25. The computer-storage medium of claim 24, wherein:
the set of values is a first set of values identified by the table scan node in scanning the table;
the column is a non-key column of the table; and
the filtering of values comprises applying the filter to a second set of values identified in scanning the table, the applying of the filter to the second set of values comprising discarding at least one value from the second set of values;
the operations comprise providing, by the table scan node, the filtered second set of values to the top k node.
26. The computer-storage medium of claim 24, wherein the performing the run-time pruning comprises skipping a scan of a range of values in the scanset based on metadata describing the table.
27. The computer-storage medium of claim 24, wherein the operations comprise performing, by the table scan node, read-version pruning using the current boundary during the scanning of the table.

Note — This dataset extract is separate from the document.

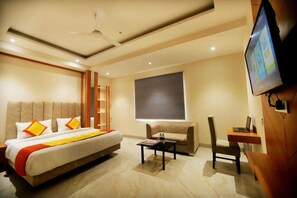 Luxury Double Room, City View | In-room safe, desk, soundproofing, iron/ironing board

28. The computer-storage medium of claim 27, wherein:
the scanset comprises scanning ranges from multiple versions of the table;
performing the read-version pruning comprises:
comparing the current boundary against metadata for each scanning range in the scanset;
determining, based on the comparing, that all data in a particular version of the table is outside a range of potentially relevant results; and
pruning scanning ranges from the particular version of the table from the scanset based on the determining that all the data in the particular version of the table is outside the range of potentially relevant results.
29. The computer-storage medium of claim 24, wherein the operations comprise sorting the scanning ranges of the scanset prior to performing the run-time pruning.
30. The computer-storage medium of claim 29, wherein sorting the scanning ranges comprises sorting the scanning ranges based on the key column of the table and the first clause of the query.